Facebook meets with artists to discuss issues of censorship

Facebook meets with artists to discuss issues of censorship
Spencer Tunick photographing the nude crowd. Photo Credit: Fay Fox. Courtesy the National Coalition Against Censorship.
Leading lights  -   Artists

In the early hours of a June Sunday, about 100 or so nude people took to the space outside Facebook’s Manhattan headquarters. There, they posed for photographer Spencer Tunick while holding large cut-outs of the male nipple to cover themselves. The demonstration was a protest against the censorship that Facebook, and perhaps more critically Instagram, routinely implement on a number of artists.

That demonstration and the calls of various artists around the world led to a recent round-table meeting held by Facebook, which is the parent company to Instagram, to discuss issues around the way that art is censored. Facebook invited artists to join them in a closed-door meeting to get at the issues that have restricted artists during their time utilizing Instagram, a social media platform that makes the most sense for visual artists to use. The artists who were invited have all at one time or another been censored by the platform and included artists like Marilyn Minter, Micol Hebron, Joanne Leah, and Siddhant Talwar. The artists in attendance were asked to sign a non-disclosure form.

The main cause for concern amongst artists has been instances in which works of photography, but not exclusively that medium, have been taken down. Instagram’s terms and conditions make space for painted works and sculptures but anything showing the nude figure in photography is subject for censorship. Even more so, though, is the female body, and explicitly the female nipple – hence, why Tunick chose close-ups of the male nipple even though they really aren’t distinguishable from female for his subjects in June. These restrictions have led to artists’ posts being taken down and their accounts being deactivated rather abruptly. For some artists, this has happened multiple times and not all of which are even posting works of photography.

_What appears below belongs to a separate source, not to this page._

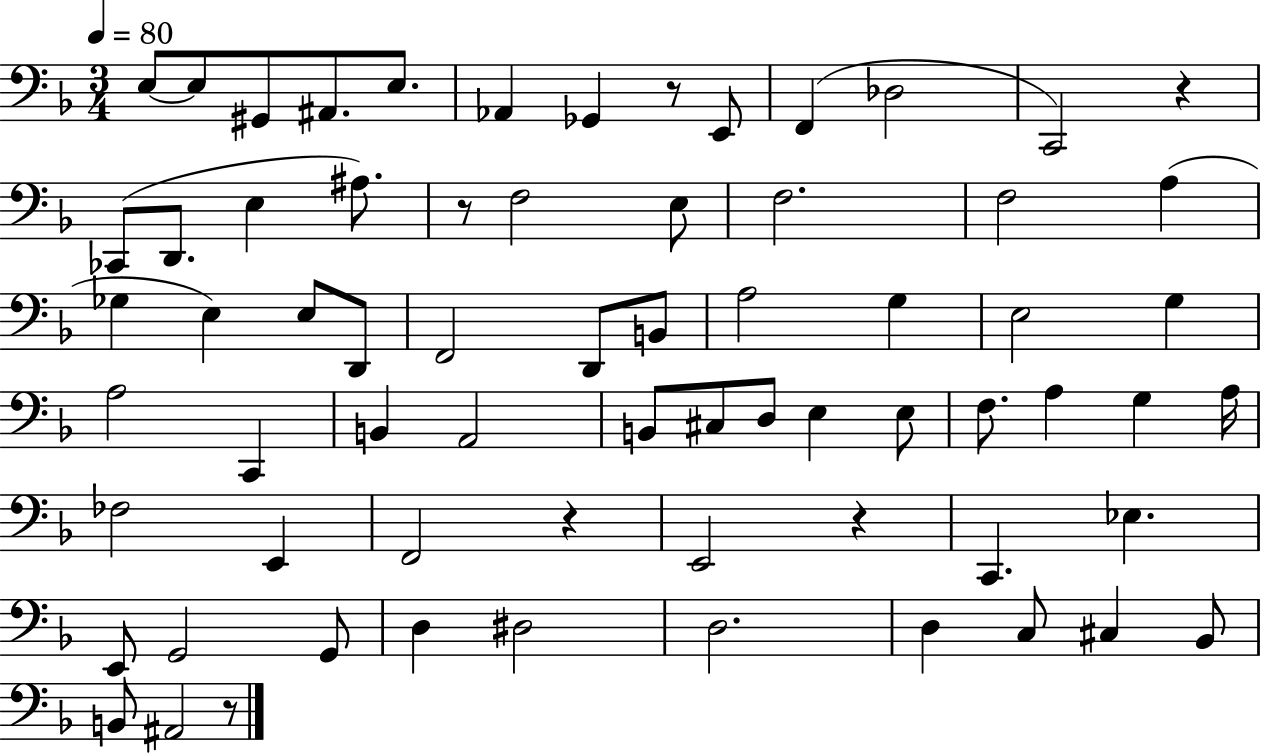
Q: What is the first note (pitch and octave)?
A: E3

One artist who was invited but was unable to attend was Betty Tompkins, whose works have been at odds with Instagram censorship for years now. In April, Tompkins posted an image of a catalogue layout featuring paintings from her 1969-1974 photorealistic series ‘Fuck Paintings.’ Following the post, Tompkins’ account was quickly deleted. While it was later restored, Tompkins has had perhaps the most issue with Instagram censoring her work, which falls directly into the category of nudity within art that Instagram deems ‘ok.’

Though she was unable to attend, Tompkins sent a statement to the meeting. It, as published by ARTnews, reads as follows:

I started posting my paintings and drawings on Instagram on October 22, 2015. In the four years since then, I have had over a dozen pieces removed with the community guidelines warning. My entire account was taken down over a catalog spread featuring text alongside a historically significant painting of mine that is in the permanent collection of the Centre Pompidou in Paris. This account, minus that catalog page, was subsequently restored due to a tremendous outpouring of support for my work from the art community (critics, curators, artists, and dealers alike). Despite my account being restored and my posts clearly indicating the materials I use, pieces continue to be removed with no warning at all. They are just gone. 

I am not the only one. I have heard from numerous artists who have suffered the same fate or feel they are about to lose their accounts. So clearly, Instagram has a problem and I think I know what it is. Instagram does NOT follow its own guidelines which are very clear: “Nudity in photos of paintings and sculptures is OK, too.” There are no qualifiers here. They are “OK.” Period. By Instagram’s own subjective guidelines, none of my work should have been taken down. If an individual complains, why are they simply not blocked from following my account? If an algorithm is taking it down, why don’t I have the right to appeal this decision to a human being? As it is currently, the system is arbitrary and discouraging for any artist whose work is challenging or thought provoking.

 Follow your own rules. Do it better.